:: Work task ::
Lines from the line with "Bath - 4881" to the line with "Sánchez y Benitez" in the entries below, and only those, must be output exactly, with both ends included.

:: Provided records ::

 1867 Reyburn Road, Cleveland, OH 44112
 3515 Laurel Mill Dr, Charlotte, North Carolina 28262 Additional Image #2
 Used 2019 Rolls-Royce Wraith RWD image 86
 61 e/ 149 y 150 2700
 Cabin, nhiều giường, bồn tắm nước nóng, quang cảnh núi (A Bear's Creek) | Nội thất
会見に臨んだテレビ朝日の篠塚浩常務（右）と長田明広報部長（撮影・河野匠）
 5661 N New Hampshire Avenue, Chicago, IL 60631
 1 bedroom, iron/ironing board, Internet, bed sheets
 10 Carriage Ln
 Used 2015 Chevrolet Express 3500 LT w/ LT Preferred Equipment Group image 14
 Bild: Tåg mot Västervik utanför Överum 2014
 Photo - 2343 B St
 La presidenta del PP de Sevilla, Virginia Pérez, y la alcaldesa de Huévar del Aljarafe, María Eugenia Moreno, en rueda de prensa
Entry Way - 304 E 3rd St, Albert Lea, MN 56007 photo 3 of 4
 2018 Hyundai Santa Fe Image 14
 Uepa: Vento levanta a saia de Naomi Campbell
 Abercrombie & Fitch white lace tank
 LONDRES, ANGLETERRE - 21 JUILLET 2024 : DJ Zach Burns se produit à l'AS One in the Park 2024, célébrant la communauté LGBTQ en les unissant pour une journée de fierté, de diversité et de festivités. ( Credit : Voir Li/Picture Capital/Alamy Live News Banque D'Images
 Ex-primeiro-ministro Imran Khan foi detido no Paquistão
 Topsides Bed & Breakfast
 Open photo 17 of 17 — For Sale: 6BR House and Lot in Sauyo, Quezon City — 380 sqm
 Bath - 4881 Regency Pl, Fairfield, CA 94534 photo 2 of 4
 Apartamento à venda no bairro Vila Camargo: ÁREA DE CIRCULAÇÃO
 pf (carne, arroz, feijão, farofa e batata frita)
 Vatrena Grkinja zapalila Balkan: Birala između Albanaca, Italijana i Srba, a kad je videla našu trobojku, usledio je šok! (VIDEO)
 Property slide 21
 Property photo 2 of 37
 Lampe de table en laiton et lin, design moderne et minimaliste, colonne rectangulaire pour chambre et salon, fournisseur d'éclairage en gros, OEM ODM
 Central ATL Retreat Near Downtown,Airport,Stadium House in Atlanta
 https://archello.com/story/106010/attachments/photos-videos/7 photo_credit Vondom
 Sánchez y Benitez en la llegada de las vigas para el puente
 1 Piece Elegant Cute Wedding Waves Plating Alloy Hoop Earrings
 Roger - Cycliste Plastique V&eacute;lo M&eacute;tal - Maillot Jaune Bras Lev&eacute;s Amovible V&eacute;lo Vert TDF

:: Exercise output ::
 Bath - 4881 Regency Pl, Fairfield, CA 94534 photo 2 of 4
 Apartamento à venda no bairro Vila Camargo: ÁREA DE CIRCULAÇÃO
 pf (carne, arroz, feijão, farofa e batata frita)
 Vatrena Grkinja zapalila Balkan: Birala između Albanaca, Italijana i Srba, a kad je videla našu trobojku, usledio je šok! (VIDEO)
 Property slide 21
 Property photo 2 of 37
 Lampe de table en laiton et lin, design moderne et minimaliste, colonne rectangulaire pour chambre et salon, fournisseur d'éclairage en gros, OEM ODM
 Central ATL Retreat Near Downtown,Airport,Stadium House in Atlanta
 https://archello.com/story/106010/attachments/photos-videos/7 photo_credit Vondom
 Sánchez y Benitez en la llegada de las vigas para el puente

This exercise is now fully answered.